I haven't been up to the lake in a couple weeks and was wondering how hard it would be to drag my shanty and gear out? I walked out a few times when there wasn't much snow but I still haven't caught my first walleye through the ice. Was hoping to end the slump this week. I have a few screws in my ankle and its hard to walk in snow that's to deep. Thanks


----------



## Tightlines (Jun 29, 2012)

[quote="chillin";1967551]I haven't been up to the lake in a couple weeks and was wondering how hard it would be to drag my shanty and gear out? I walked out a few times when there wasn't much snow but I still haven't caught my first walleye through the ice. Was hoping to end the slump this week. I have a few screws in my ankle and its hard to walk in snow that's to deep. Thanks[/quote]

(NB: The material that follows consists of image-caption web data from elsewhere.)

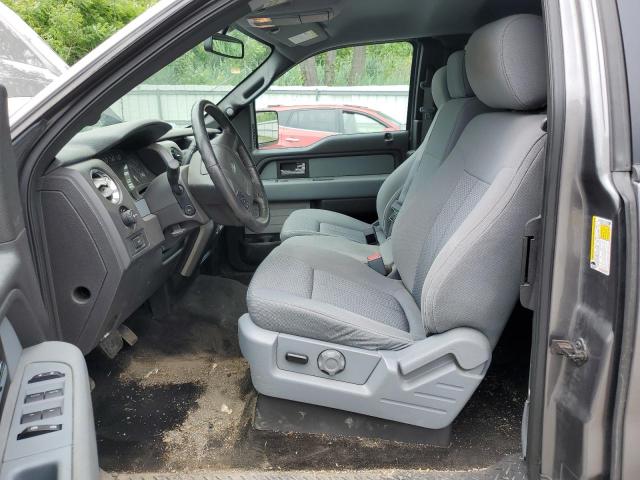 Снимка 7 от търг – 2012 FORD F150 SUPER с VIN 1FTFX1EF2CFC66727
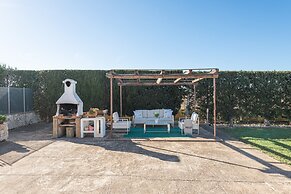 Son March I - Villa With Private Pool In Sa Pobla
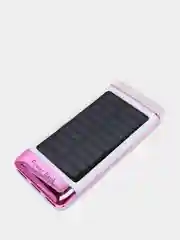 Power Bank на солнечных батареях 10000 mAh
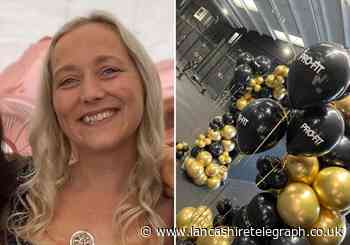 Leyland balloon artist to help create huge balloon artwork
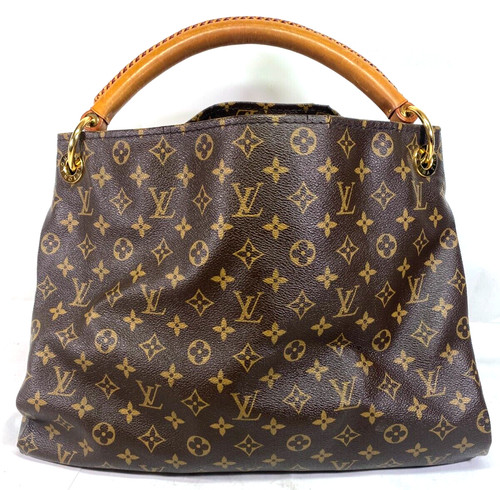 Louis vuitton artsy - artsy, lv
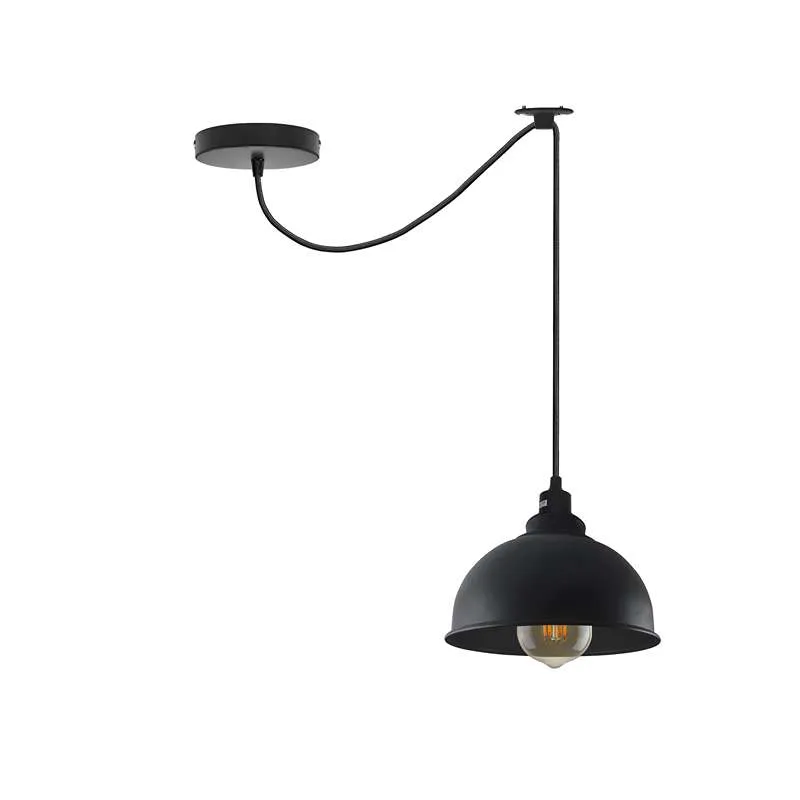 All Seasons Life Hängelampe mit langem kabel 2m ~3578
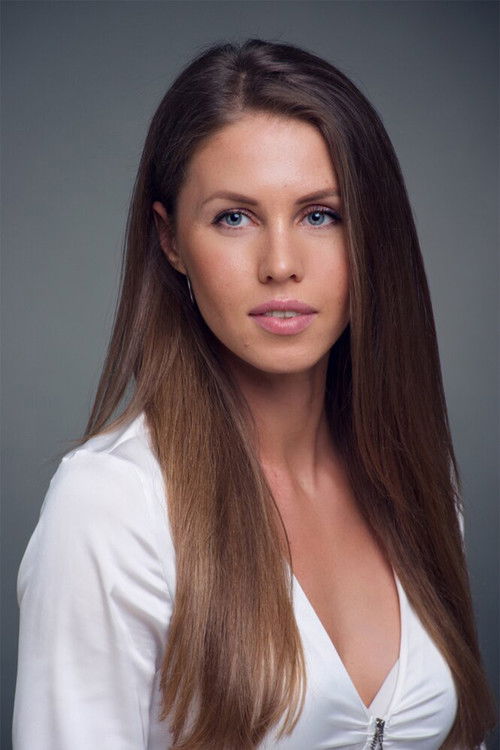 Photo of Kristina Yudicheva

I was out of catawba on friday and saturday with atv. Friday and saturday morning would have been excellent walking, very little snow on ice. By the time we got off the lake around 2pm saturday there was at least 6" of snow on the ice. i would imagine pulling a sled in that snow would be a workout.


----------



## "chillin" (Apr 20, 2012)

OK thanks for the reply, I wasn't sure how much it snowed up there.


----------



## doubleduece1981 (Jan 28, 2013)

Is anyone catching 1 to 2 miles out was thinking about making the walk in the am tomorrow


----------



## whjr15 (Jun 16, 2005)

Tightlines said:


> I was out of catawba on friday and saturday with atv. Friday and saturday morning would have been *excellent* walking, very little snow on ice. By the time we got off the lake around 2pm saturday there was at least 6" of snow on the ice. i would imagine pulling a sled in that snow would be a workout.


My buddy and I walked 2 miles out on Saturday... "Excellent" is about as far from reality as possible! And we're in our 20's!! Lol, in fact, it was so bad that I'm going to look at a sled in a few hours! Never EVER will I walk again!!


----------